It is plain that the Forgotten Man and the Forgotten Woman are the real productive strength of the country. The Forgotten Man works and votes—generally he prays—but his chief business in life is to pay. His name never gets into the newspapers except when he marries or dies. He is an obscure man. He may grumble sometimes to his wife, but he does not frequent the grocery, and he does not talk politics at the tavern. So he is forgotten. Yet who is there whom the statesman, economist, and social philosopher ought to think of before this man? If any student of social science comes to appreciate the case of the Forgotten Man, he will become an unflinching advocate of strict scientific thinking in sociology, and a hard-hearted skeptic as regards any scheme of social amelioration. He will always want to know, Who and where is the Forgotten Man in this case, who will have to pay for it all?

The Forgotten Man is not a pauper. It belongs to his character to save something. Hence he is a capitalist, though never a great one. He is a "poor" man in the popular sense of the word, but not in a correct sense. In fact, one of the most constant and trustworthy signs that the Forgotten Man is in danger of a new assault is that "the poor man" is brought into the discussion. Since the Forgotten Man has some capital, anyone who cares for his interest will try to make capital secure by securing the inviolability of contracts, the stability of currency, and the firmness of credit. Anyone, therefore, who cares for the Forgotten Man will be sure to be considered a friend of the capitalist and an enemy of the poor man.

It is the Forgotten Man who is threatened by every extension of the paternal theory of government.

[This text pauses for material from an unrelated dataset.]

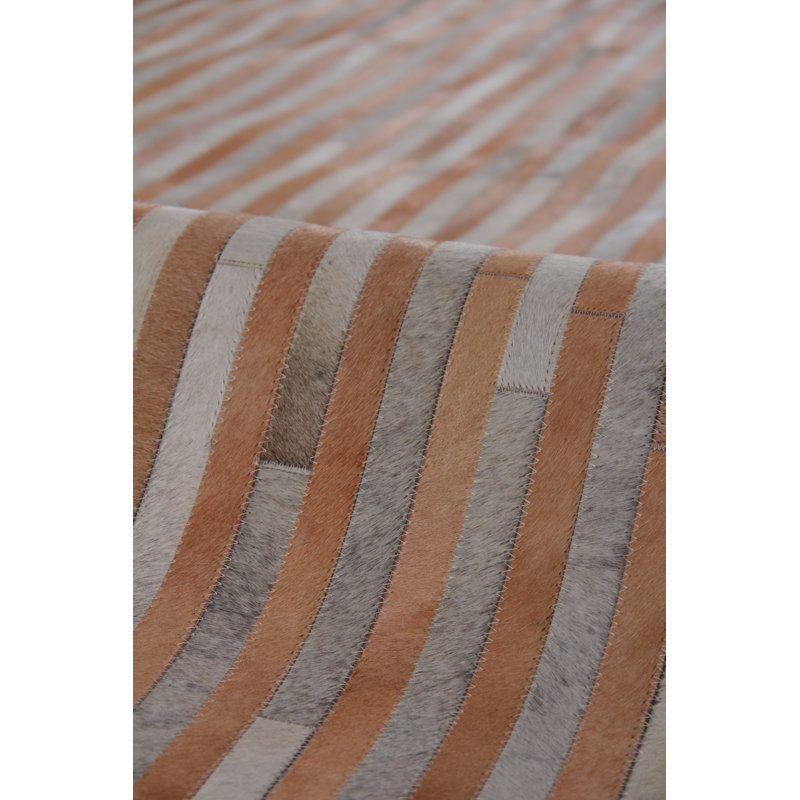 Natural Hide Cowhide Geometric Area Rug, Rectangle 5' x 8', Brown/Gray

It is he who must work and pay. When, therefore, the statesmen and social philosophers sit down to think what the state can do or ought to do, they really mean to decide what the Forgotten Man shall do. What the Forgotten Man wants, therefore, is a fuller realization of constitutional liberty. He is suffering from the fact that there are yet mixed in our institutions medieval theories of protection, regulation, and authority, and modern theories of independence and individual liberty and responsibility.

The consequence of this mixed state of things is that those who are clever enough to get into control use the paternal theory by which to measure their own rights—that is, they assume privileges; and they use the theory of liberty to measure their own duties—that is, when it comes to the duties, they want to be "let alone." The Forgotten Man never gets into control. He has to pay both ways. His rights are measured to him by the theory of liberty—that is, he has only such as he can conquer; his duties are measured to him on the paternal theory—that is, he must discharge all which are laid upon him, as is the fortune of parents. In a paternal relation there are always two parties, a father and a child; and when we use the paternal relation metaphorically, it is of the first importance to know who is to be father and who is to be child. The role of parent falls always to the Forgotten Man. What he wants, therefore, is that ambiguities in our institutions be cleared up, and that liberty be more fully realized.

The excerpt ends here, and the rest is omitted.